What is placental abruption, and how does it affect your baby?

If you live in Louisville and are currently expecting or plan to sometime in the future, it is essential for you to take some time to consider the risks. Though you see and hear about celebrities and random women who seem to have uneventful pregnancies, it is not uncommon for some women to experience rare complications that can result in fetal distress and death.

What is placental abruption?

One concern you may not realize is serious involves the placement and viability of the placenta, which is responsible for providing your baby with nutrients and oxygen until she or he are born. The placenta develops along with the fetus. As the baby grows, so does the placenta. In a healthy pregnancy, the placenta does not detach from the abdominal wall until childbirth. When placenta abruption occurs, it separates from the uterine wall before the child is born.

Placental abruptions are rare, and there are risk factors that women should be aware of that increase their chances of placental abruption. They include:

  • Maternal age
  • Hypertension
  • Illicit drug use
  • Diabetes
  • History of C-sections
  • Previous placental abruption
  • Multiple previous pregnancies
  • Carrying twins, triplets or multiple fetuses

Placental abruption can be life-threatening and cause complications for both mom and baby. Routine prenatal care and an in-depth medical history evaluation enable medical professionals to screen for abnormalities like placental abruption.

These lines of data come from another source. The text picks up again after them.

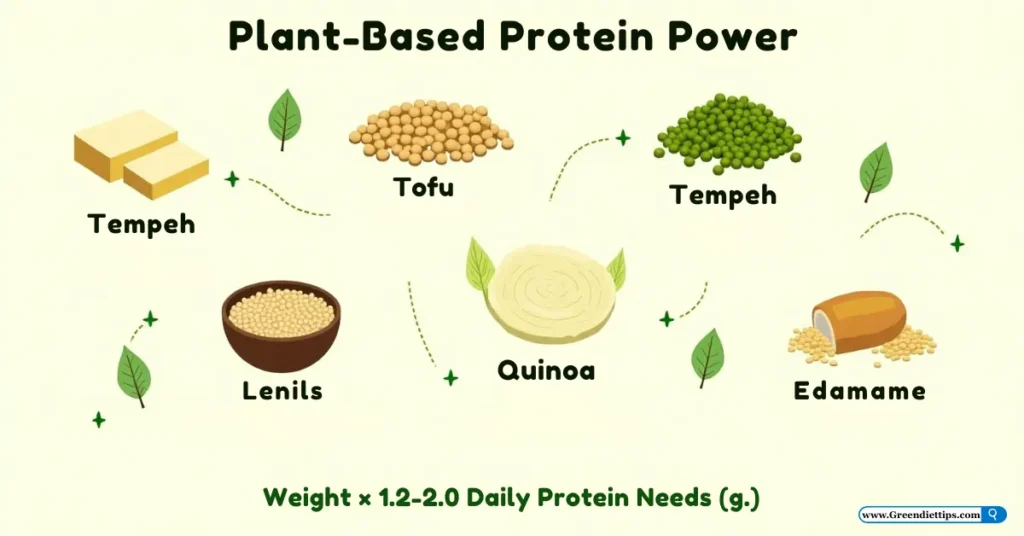High Protein 7 Day Meal Plan with green diet tips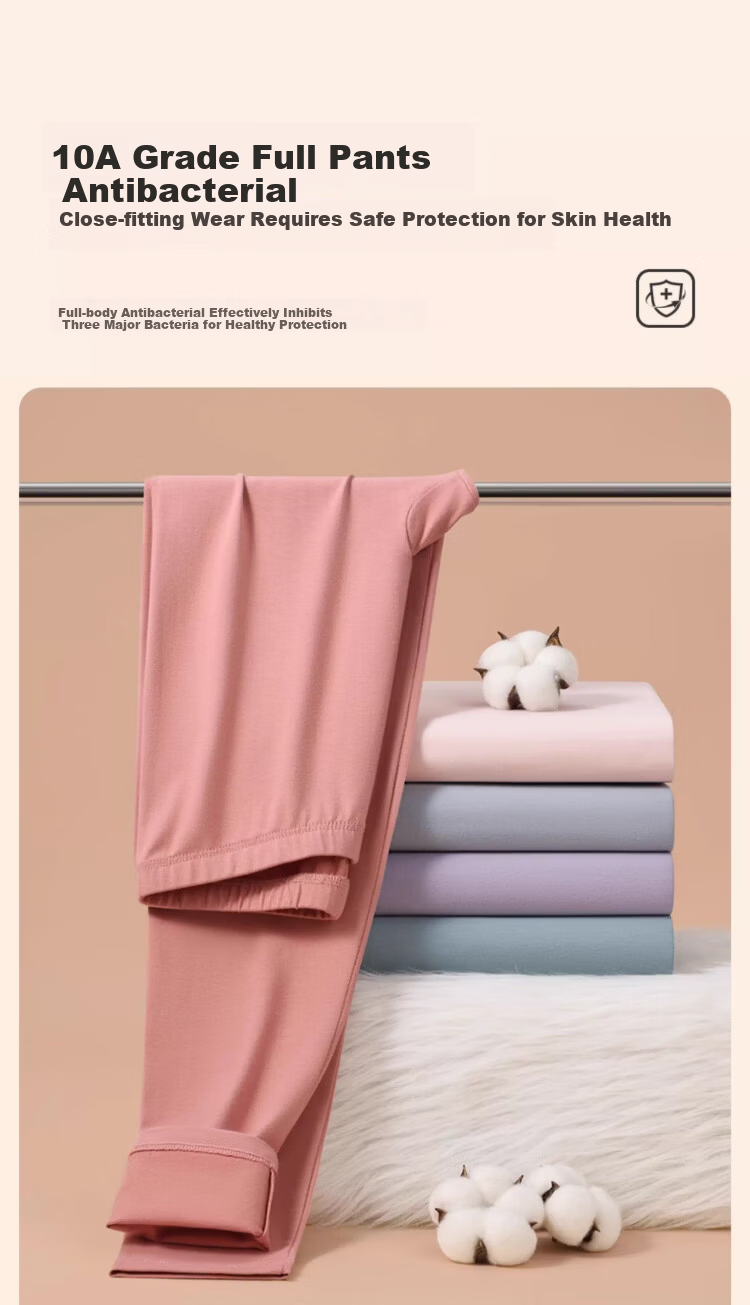 LangSha Women's Thermal Pants Pure Cotton Autumn Winter 10A Antibacterial Mite-Resistant Inner Wear Leggings Cotton Thread Cotton Wool Pants Thermal Underwear 6
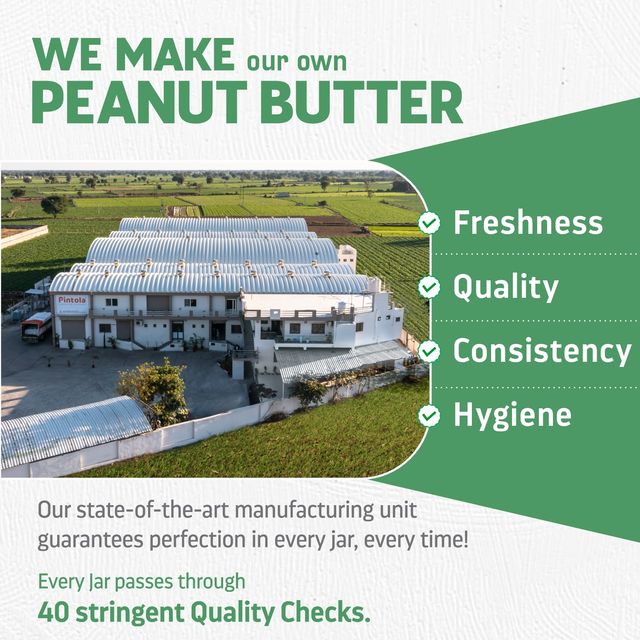 Pintola All Natural Peanut Butter, Extra Crunchy, Unsweetened, 30g Protein, Vegan, Gluten Free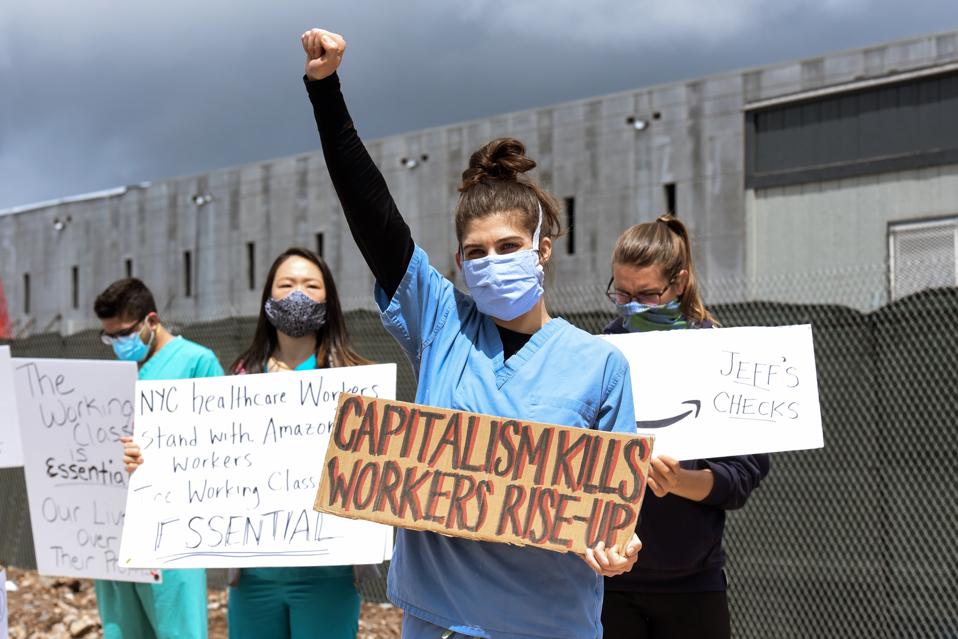 Photos: Workers Across The World Mark May Day, Even During Coronavirus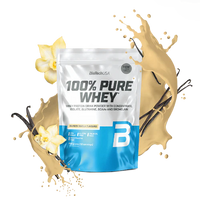 BioTechUSA 100% Pure Whey Protein Powder - 454g (1 lb) Trial Size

How is it diagnosed and treated?

Placental abruption can happen suddenly and without warning. Doctors can use ultrasounds, blood tests, patient histories and nonstress tests to monitor the health of the pregnancy and its effects on the baby. There is no way to prevent it. If placental abruption occurs after the start of the second trimester and it is discovered, depending on the mom’s health, the health of the pregnancy and condition of the abruption, it may be possible to continue the pregnancy until the fetus is mature enough for delivery. Until then, bed rest is usually ordered for the duration of the pregnancy. If it is not possible to continue the gestation, an emergency C-section is necessary.

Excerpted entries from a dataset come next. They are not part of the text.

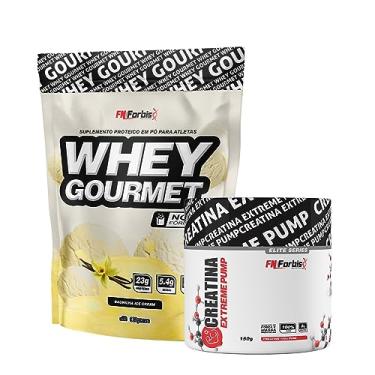 Imagem de Whey Protein Gourmet Refil 907g + Creatina Extreme Pump Elite Series 150g - FN Forbis Nutrition (Baunilha Ice Cream)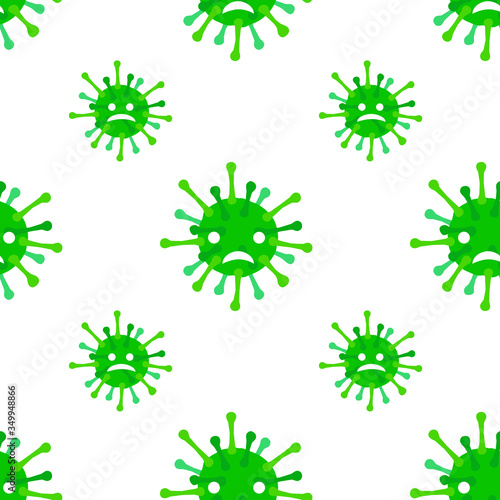 Poster for protection allergy bacteria, medical healthcare, microbiology. Disease germ, pathogenic organism, infectious micro virology. Vector illustration in cartoon style.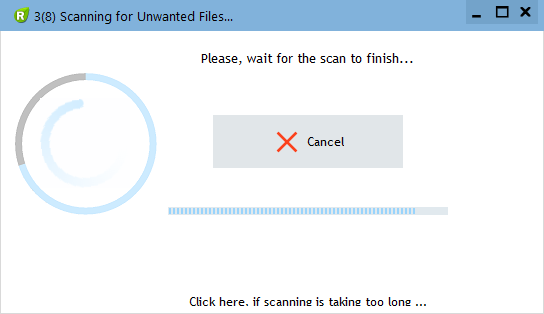 scan viruses with UnHackMe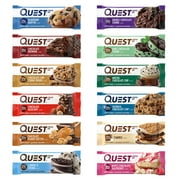 Quest Nutrition Ultimate Variety Pack, High Protein, Low Carb, Gluten Free, 2.12 oz., 12 Count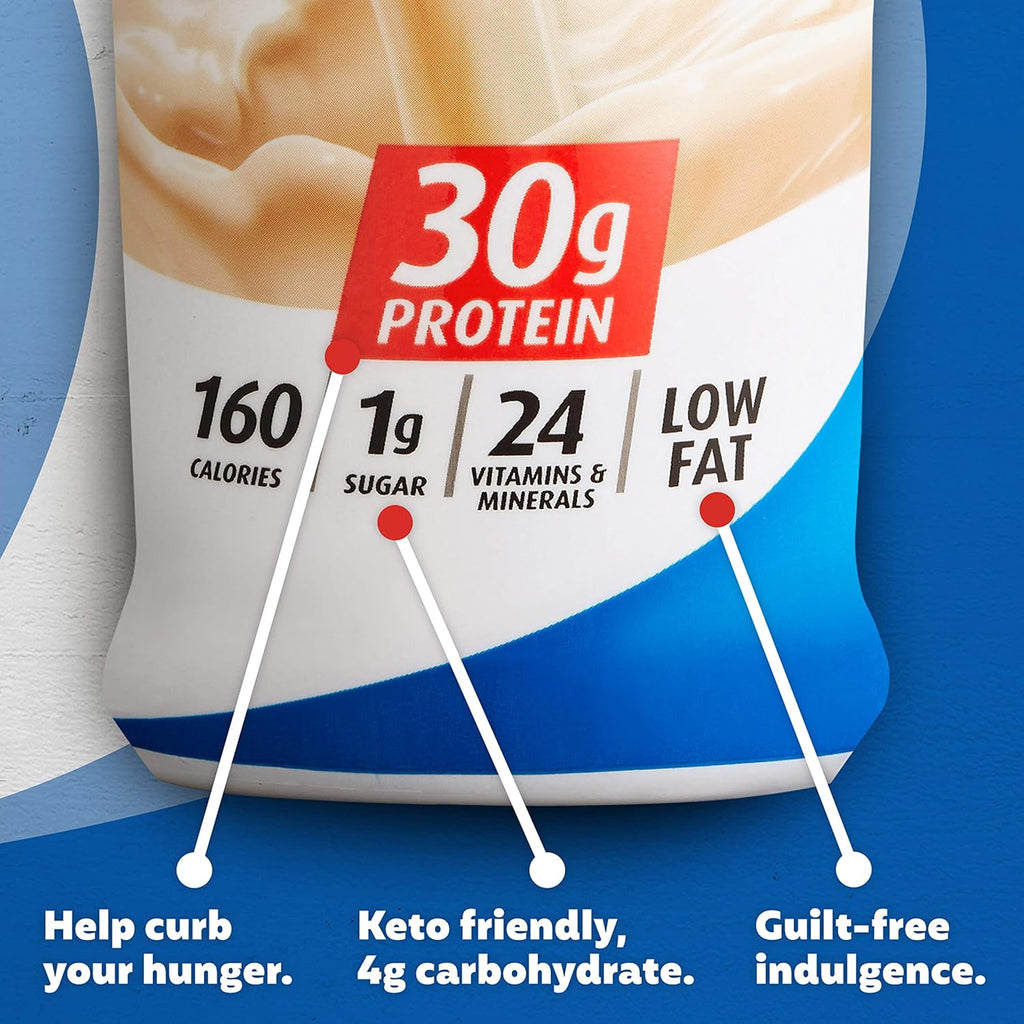 Vanilla Protein Shake 30g Protein 1g Sugar 14 fl oz 12 Pack D77024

The effects of on the baby

The effects of placental abruption on babies vary. While in utero, babies need optimal nutrients and oxygen levels and proper flow of waste removal from the placenta. When there is any kind of separation and the pregnancy is allowed to continue, the risk to the unborn child can be severe and long-term. Babies born after placental abruption occurs may develop hypoxic-ischemic encephalopathy, seizures, cerebral palsy, permanent brain damage, developmental and learning delays and more. There is also a higher probability of stillbirth. Early detection is critical to minimize the possibility of birth injuries and complications.